Siti internet di produttori di birra

  • MORETTI
    La prima fabbrica nasce nel 1859 a Udine e la birra viene acquistata in Austria. Al grande successo viene associata nel 1942 l’immagine simbolo dell’uomo Moretti: “genuino, tradizionale, autentico”. L’etichetta raffigurante l’uomo con i baffi e il boccale in mano ha fatto il giro del mondo e l’uomo-immagine è stato interpretato da diversi personaggi dello spettacolo.La classica birra Moretti è realizzata a bassa fermentazione con una mistura di pregiati luppoli: chiara, dorata, adatta per il pasto e per una tranquilla chiacchierata con gli amici.Seguono altre varianti, quali la rossa, la doppio malto e la famosa Baffo d’Oro di puro malto ottima per accompagnare i tipici piatti italiani come la pasta e la pizza.
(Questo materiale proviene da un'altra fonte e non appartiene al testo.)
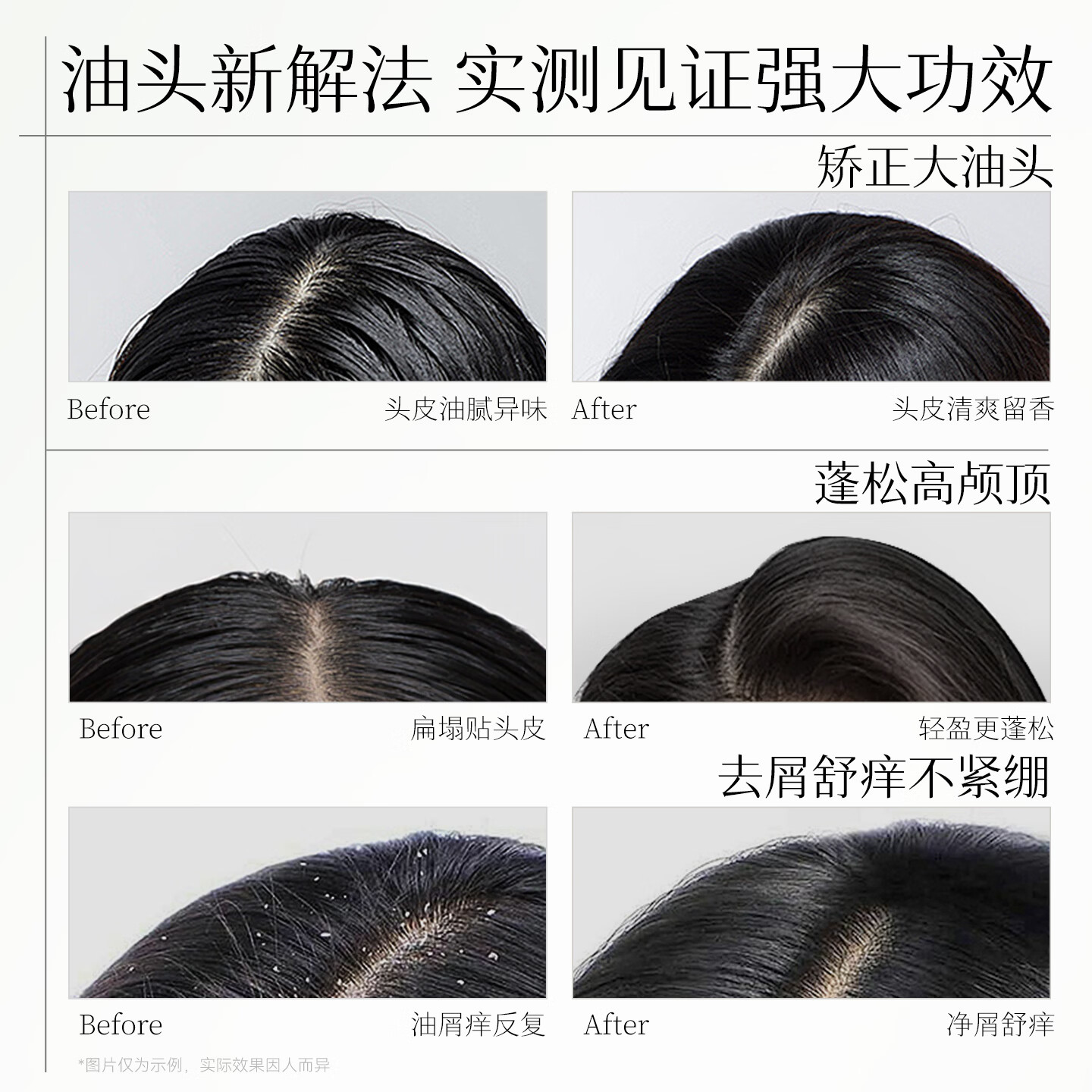 长发小寨淘米水头皮护理洗发水控油蓬松滋养洗发膏【针对干/油性发质】 (升级款)控油蓬爽型435ml*1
  • HEINEKEN – http://www.heineken.it
    Molto più che una birra, la Heineken rappresenta uno stile di vita. Dopo il successo planetario ottenuto attraverso il gusto di una birra prodotta secondo le tecniche tradizionali con attenzione alle materie prime, la Heineken percorre la strada di fenomeno culturale, di brand vincente tra i giovani, ai quali propone concerti ed eventi attraverso una partecipazione capillare al mondo della musica e dello sport.L’ultima arrivata è la Heineken DraughtKeg, una tanica a pressione da ben cinque litri provvista di maxi-maniglia e completa della manopola per la spillatura. Qualitativamente si mantiene per trenta giorni dopo l’apertura.
  • PERONI
    Dal 1846, prima a Vigevano, poi a Roma, diffusa a livello internazionale, emblema della birra italiana. Equilibrio di luppolo e malto, gusto leggermente amaro, lager chiara dal colore giallo oro: queste le caratteristiche e le motivazioni del successo. Il tono dissetante e leggero è conferito dall’aggiunta del granoturco (di rigorosa provenienza italiana). Un tocco in più per un prodotto unico.
  • CERES – http://www.ceresbeer.com
    “Ceres c’è”. C’è dal 1856 e il suo nome è un omaggio alla dea della fertilità. La più famosa è la strong ale, chiara doppio malto, a bassa fermentazione, con percentuale di alcol pari a 7,7. Assaporata nei pub in particolare dai giovani e in particolare dalle donne, attratte dal gusto leggero arricchito dall’aroma della frutta secca.Ma non solo strong: Ceres c’è anche in altre varianti, per ogni tipo di palato ed occasione.